Yesterday, I took a good long look at the persimmon cookie recipe, lovingly encased in plastic in my grandmother's recipe box that I now own. I felt myself slipping into a sort of bad baked-good PTSD, so I put the recipe away and pulled out some cookbooks.  My 9-year old came in, highly tuned as she is to any cooking project. She wanted to help.  We all know that any project involving a 9-year old is a project that takes longer and requires more cleaning up, and I wanted to get this done and finish folding laundry.  I said, "No honey, I just want to get this baked."  She went to read in the living room, and I remembered my grandmother.

I remembered standing by the stove while she taught me to cook a skinless chicken breast with Pam - a delicious low cholesterol treat for my grandfather.  I remembered her letting us put a little Mocha Mix into our cereal to give the blue nonfat milk more opacity.  I remembered her patiently letting us squeeze mountains of tangerines into juice.  She may not have slowed down for her daughters, but she slowed down for us.  I called my daughter back into the kitchen and let her and Ruth Reichl get to work on some spice cake.

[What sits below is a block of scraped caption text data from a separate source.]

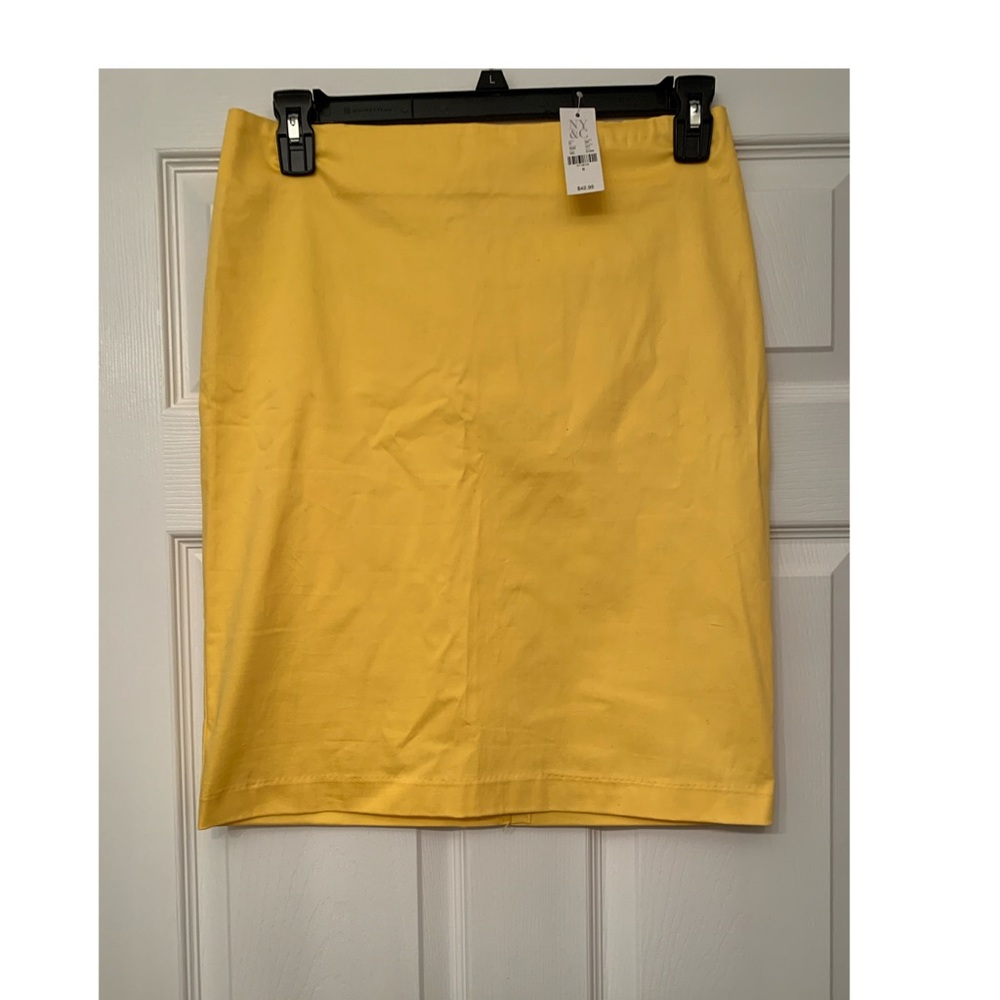 NWT pencil skirt
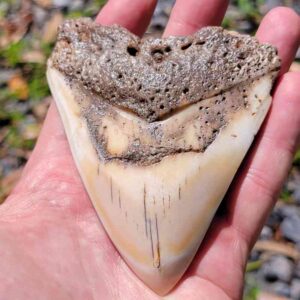 South Pacific Megalodon Tooth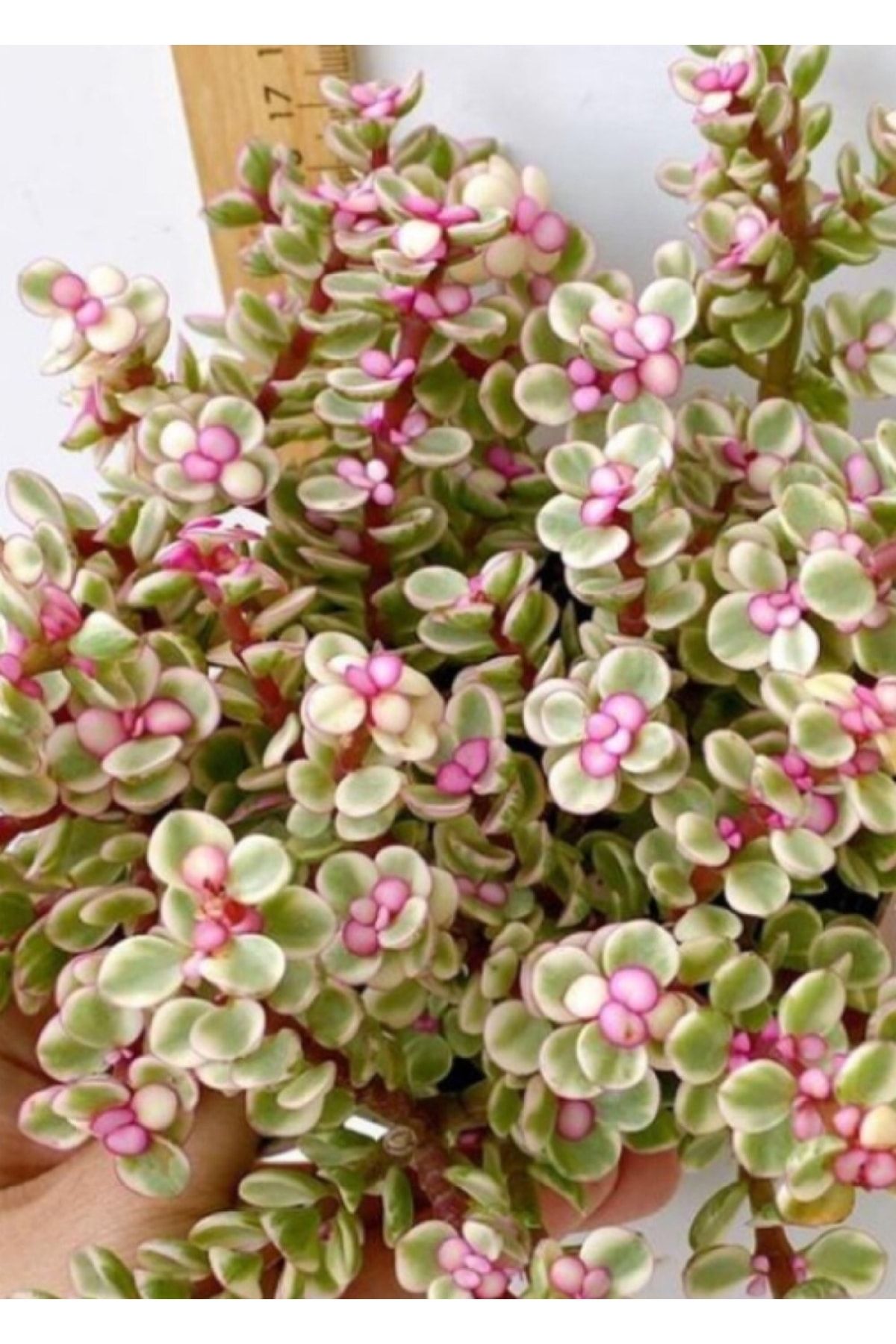 EGZOTİKBAHÇE Alacalı Pembe Çiçek Açan Portulacaria Afra Para Ağacı Sukulent 5,5cm Saksıda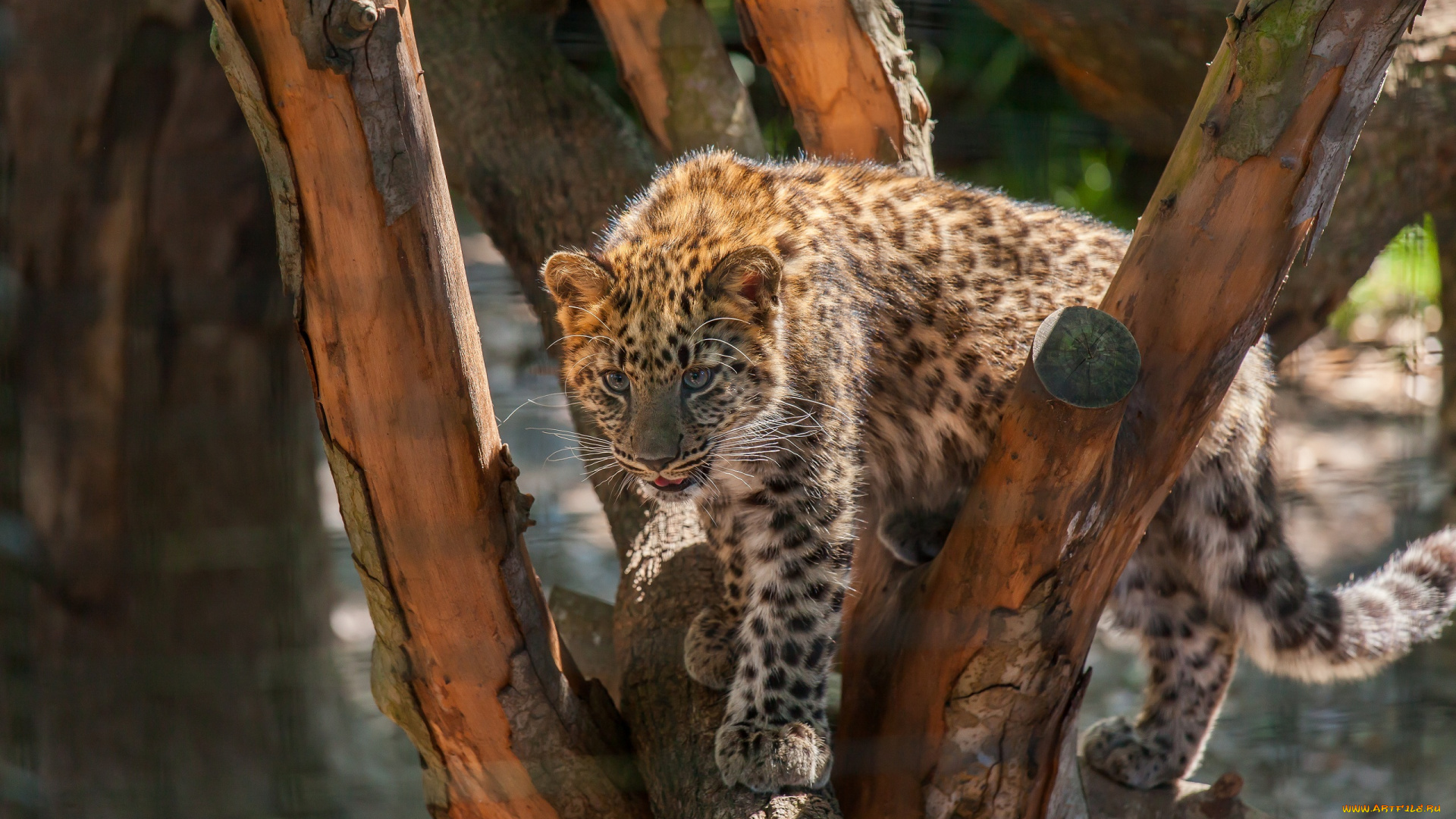 животные, леопарды, игра, дерево, пятна, детеныш, кошка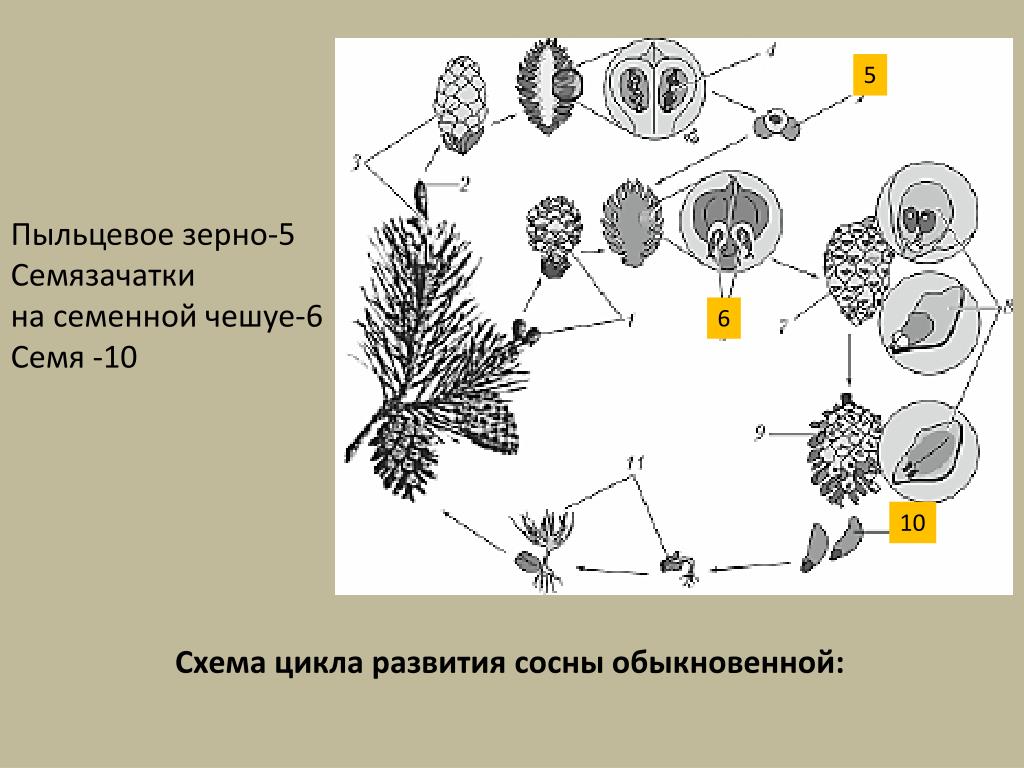 Где образуются семязачатки сосны. Цикл развития сосны семязачатки. Строение пыльцевого зерна сосны обыкновенной. Семязачаток и пыльцевое зерно. Строение пыльцевого зерна голосеменных.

Reichl's recipe called for pumpkin and apple, but my daughter decided pureed persimmon would do just fine.  Here she's modeling the "C" grip for safe cutting she learned at school.

Pumpkin-Apple Cake suddenly became persimmon cake, and the magic of cooking turned an item on the to-do list into a memory, my daughter and I whisking eggs and scraping a perfect cup of sugar, peeking in on cakes to see if they were done.

The house smelled good.  I shoved the laundry into a corner.  It could wait.

The persimmon cake was perfect, moist, dense and spicy. We had seconds, then thirds. My mom stopped by for a visit and a slice. I sent her home with a Tupperware flat of cake.






In this way a woman's life echoes down.  She may be cranky, she may waste her time on laundry instead of the children she loves. She makes mistakes, but every once in a while the right decision is made.  Sometimes it takes a fruit one can't bear to waste to pause the endless grind, warm up the oven and put what's really important at the top of the list.